I was lucky enough to be able to do an arrangement this winter using the material. It is expensive (about $20 for 10 leaves and one clump of berries), and is getting harder to find here in Japan. Usually, it is used during the new year, but can also be used throughout the winter. A couple of weeks ago (yes, this post is a little late in getting up), there was one set of leaves and a clump of berries left over from the new year at the flower shop, and they were kind enough to give me a discount on them (about $10)! I was excited to try my hand at this very technical yet beautiful arrangement.
As mentioned above, there are set rules for the placement, length, and angle of the leaves. The position of the berries is also set. Following the rules produces a beautiful one-clump depiction of the material that gives a sense of movement within the container. The diagram below, also taken from the above mentioned book, shows the arranging method for rhodea and where to place each leaf within the shippo.
Using this as a guide, along with advice from my teacher, I was able to create a beautiful clump, although it took me about an hour to get everything correct!
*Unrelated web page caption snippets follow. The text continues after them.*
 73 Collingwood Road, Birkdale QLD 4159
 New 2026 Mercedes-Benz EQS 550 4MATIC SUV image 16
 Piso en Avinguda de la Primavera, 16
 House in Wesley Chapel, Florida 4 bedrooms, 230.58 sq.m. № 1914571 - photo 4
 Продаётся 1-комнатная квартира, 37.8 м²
Needless to say, I was very happy when I was finished. After arranging the rhodea, I covered the surface of the suiban with club moss. It is important to cover the entire surface of the container with the club moss because it is winter and also because rhodea is in no way associated with being near the water. I was lucky enough to be able to use club moss that my teacher had used for an arrangement she did the week before. If I were to have had to cut and arrange all of the club moss, I would have had to spent another hour on the arrangement, which would have been fine with me; but I'm glad I didn't have to! Last, I used small chrysanthemums to finish the arrangement. A small group positioned at the base of the clump near the berries, and another small group used as the Object and its filler.
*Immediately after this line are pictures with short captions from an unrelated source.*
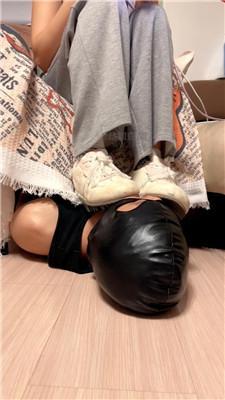 【玥野兔】健身后调教绿帽狗物化脚垫    JS260805-65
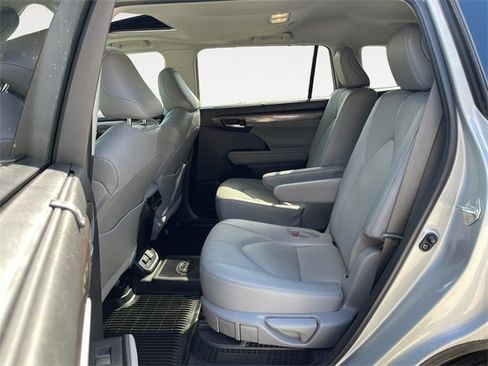 Used 2022 Toyota Highlander Limited image 13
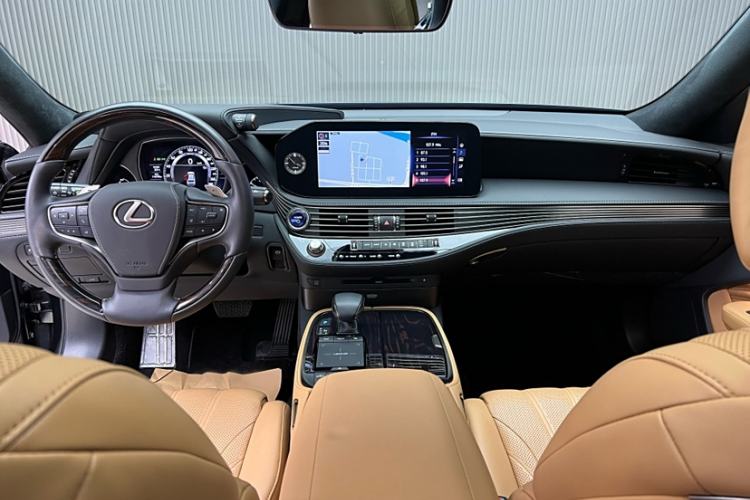 Used Lexus LS 2021 500h Luxury Edition Interior 1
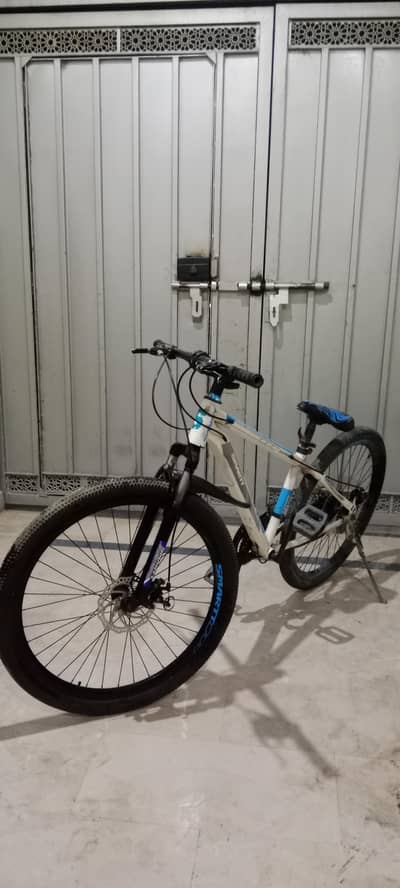 26 inch Bicycle for sale . slight used. Gears are not working properly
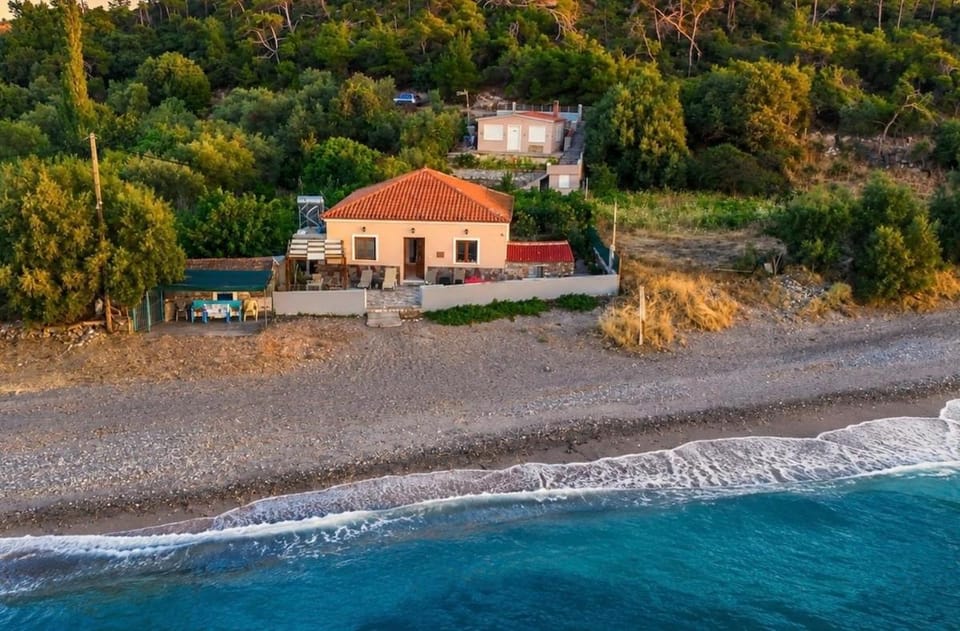 Property building, Natural landscape, Bird's eye view, Beach, Sea view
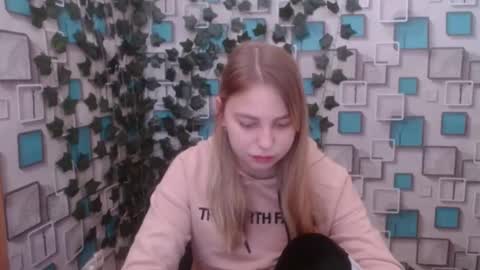 Snapshot of klerkarina chatting on December 2, 2024, 5:59 am klerkarina online show from December 2, 2024, 5:59 am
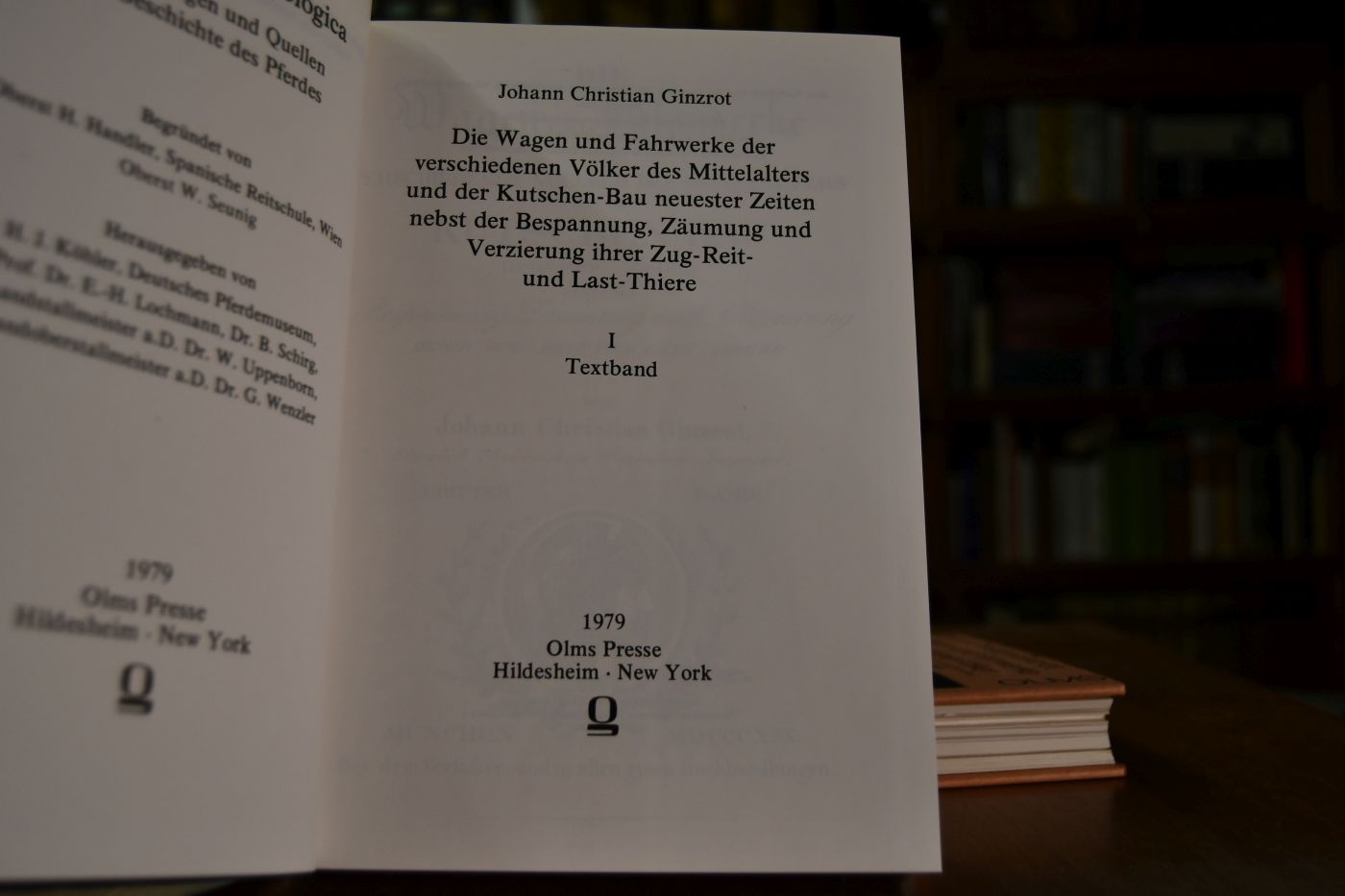 Die Wagen und Fahrwerke der verschiedenen Völker des Mittelalters und der Kutschen-Bau neuester Zeiten nebst der Bespannung, Zäumung und Verzierung ihrer Zug-, Reit- und Last-Thiere. Teil 1 + 2. Textband + Tafelband.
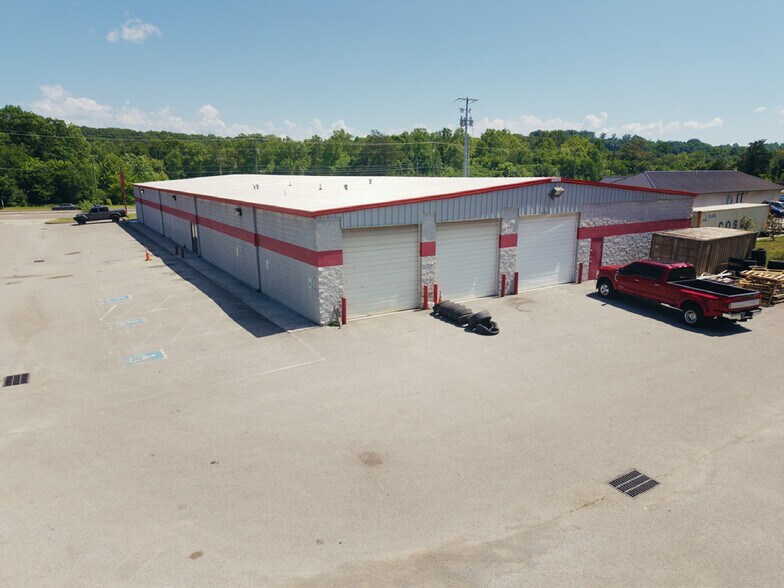 1345 Callahan Dr, Knoxville, TN à vendre - Photo de l’immeuble – Image 1 sur 11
Rhodea japonica, small chrysanthemum, club moss
Near View, Upright Style
Here's a view from the side to show how the leaf group tilts forward to bring the viewer into the arrangement.
The Landscape Arrangement form is truly unique to the Ohara School of Ikebana. Respecting the seasonal characteristics and natural growth patterns of plants, an arrangement that expresses the beauty of a natural scene can be captured in the small confines of a container. Being able to do this takes years of practice and lots of skill. I still have a ways to go on my ikebana journey, but I am enjoying the "views" along the way.
I hope each of you are doing well in your part of the world!